• _RECORD SET_
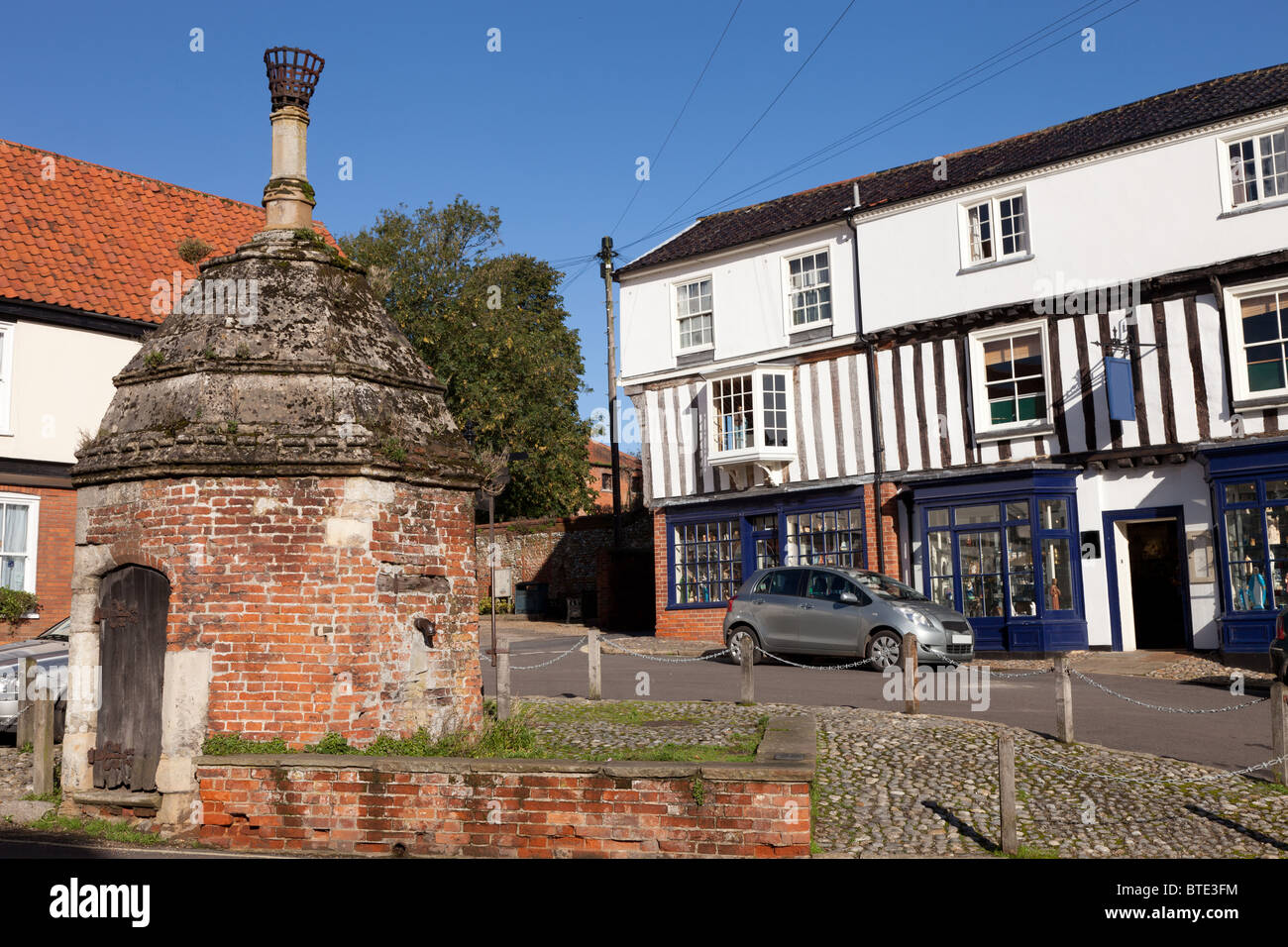 Pompa del villaggio nel luogo comune di Little Walsingham, Norfolk . Foto Stock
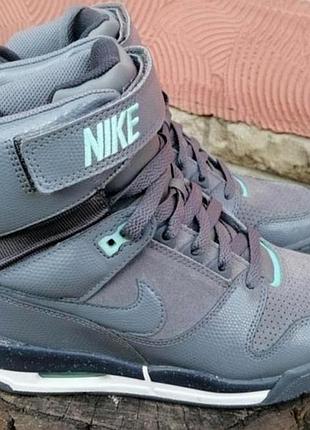 Ботинки nike.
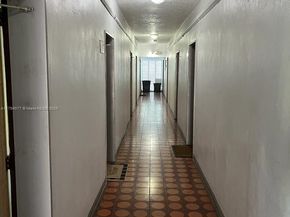 7801 NE 4th Ct 516, Miami FL 33138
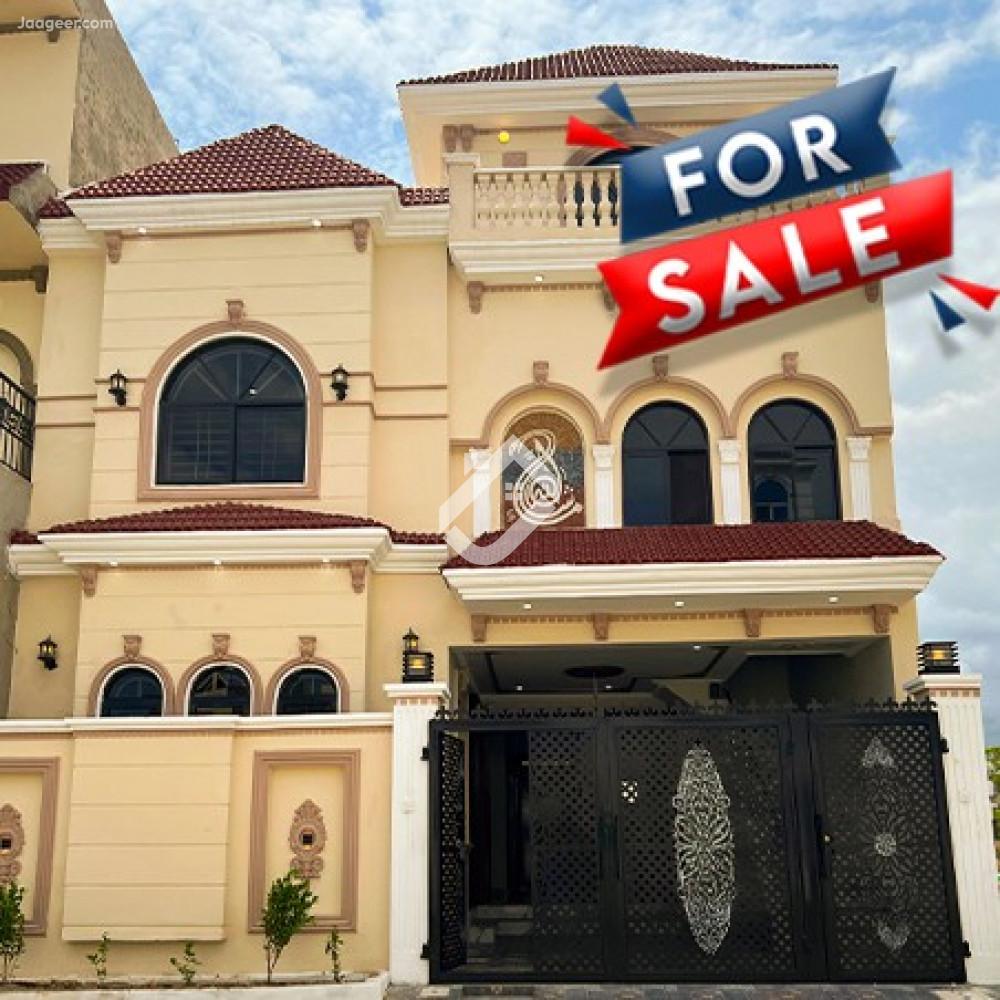 5 Marla Double Storey Stunning House For Sale In Shareef Garden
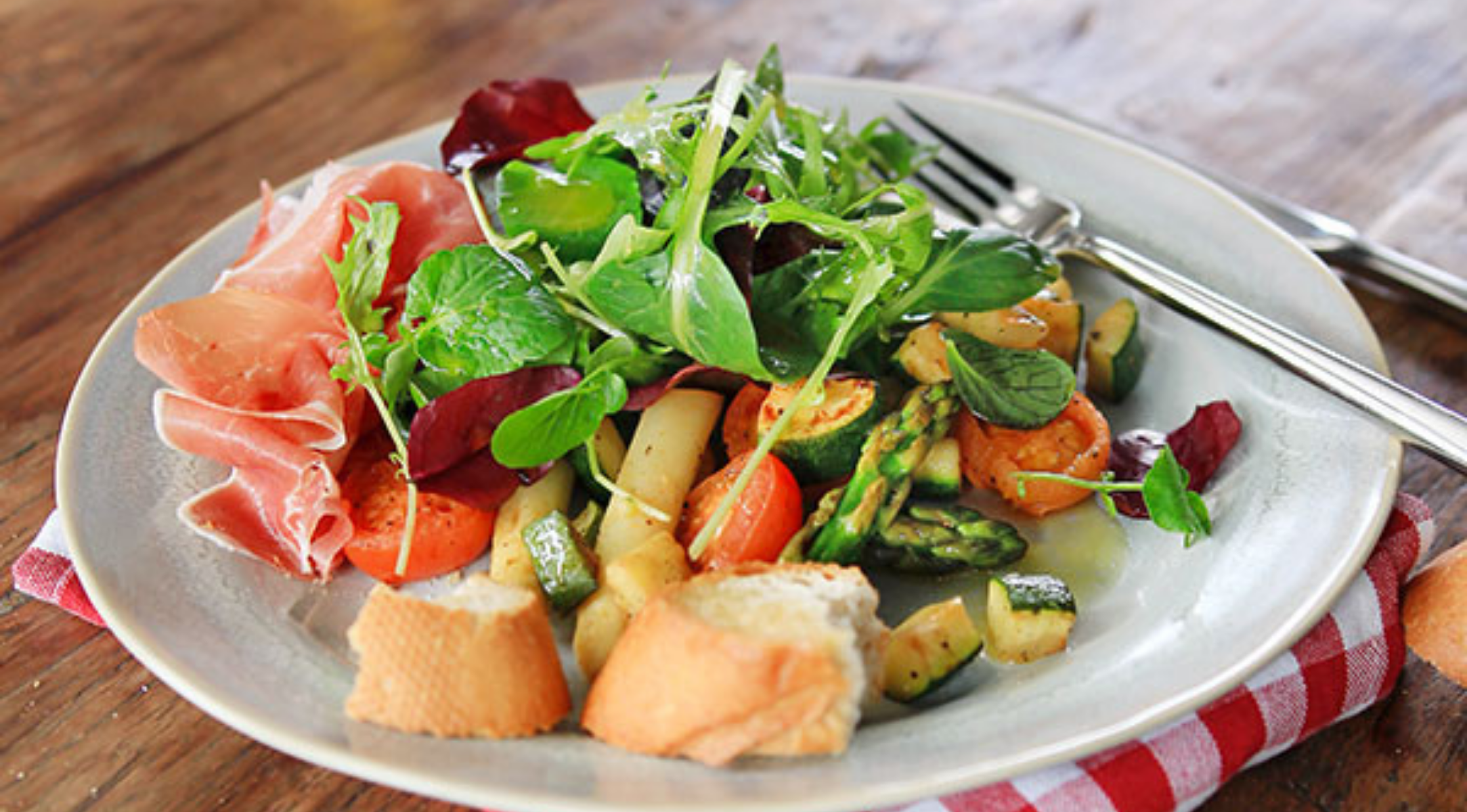 mediterraner-spargelsalat-mit-zucchini-und-serranoschinken
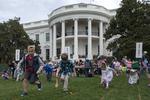 La tradición de invitar a niños a la Casa Blanca el lunes de Pascua la inició el presidente Rutherford B. Hayes después de que el Congreso aprobara una ley que prohibía a los niños jugar en los jardines del Capitolio por temor a que causaran daños.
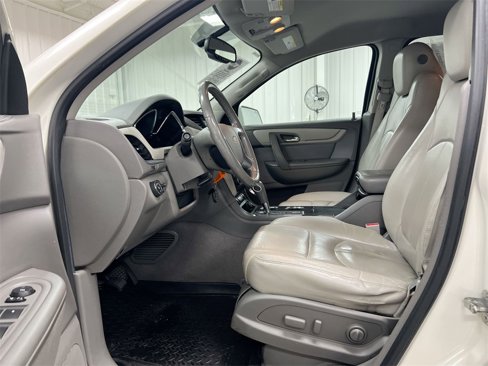 Used 2014 Chevrolet Traverse LT image 18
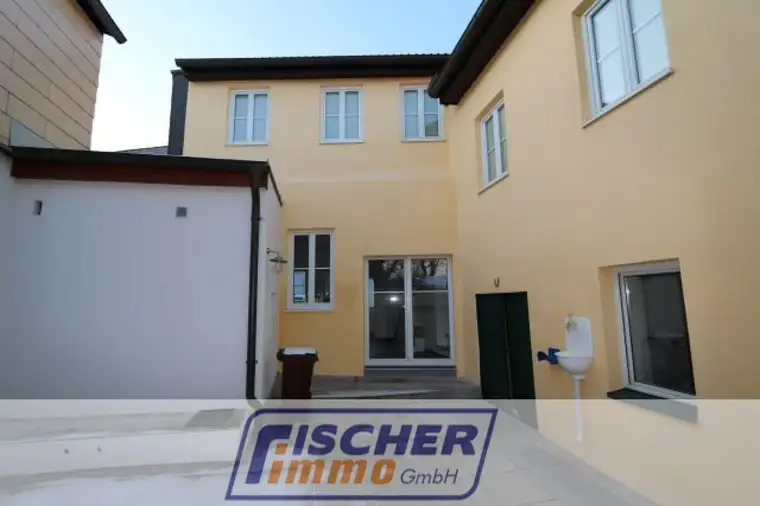 Gepflegtes Einfamilienhaus (ehem. Winzerhaus) im Zentrum von Pfaffstätten mit gemütlichem Innenhof
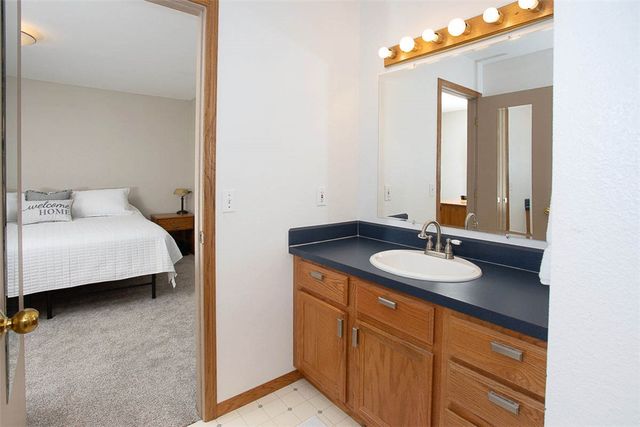 707 Aquarius PLACE, Billings, MT 59105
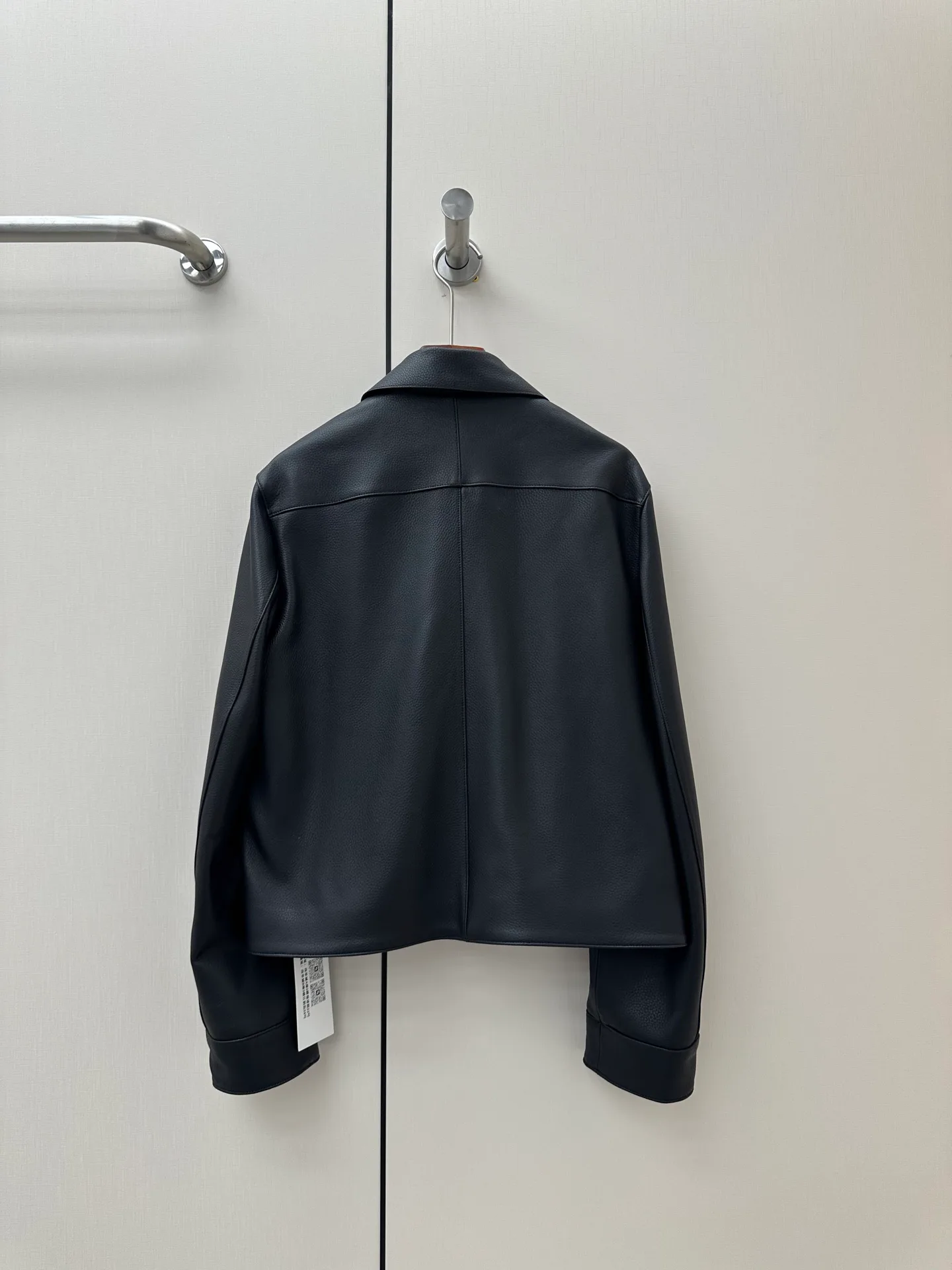Women's Leather Jackets And Sheepskin Coats HERMES 18060882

• _WHAT TO DO_
Copy the lines from the line that contains "mediterraner-spargelsalat-mit-zucchini-und-serranoschinken" through the end of the records, exactly and with nothing added; leave the pictures out.

• _TASK SOLUTION_
 mediterraner-spargelsalat-mit-zucchini-und-serranoschinken
 La tradición de invitar a niños a la Casa Blanca el lunes de Pascua la inició el presidente Rutherford B. Hayes después de que el Congreso aprobara una ley que prohibía a los niños jugar en los jardines del Capitolio por temor a que causaran daños.
 Used 2014 Chevrolet Traverse LT image 18
 Gepflegtes Einfamilienhaus (ehem. Winzerhaus) im Zentrum von Pfaffstätten mit gemütlichem Innenhof
 707 Aquarius PLACE, Billings, MT 59105
Women's Leather Jackets And Sheepskin Coats HERMES 18060882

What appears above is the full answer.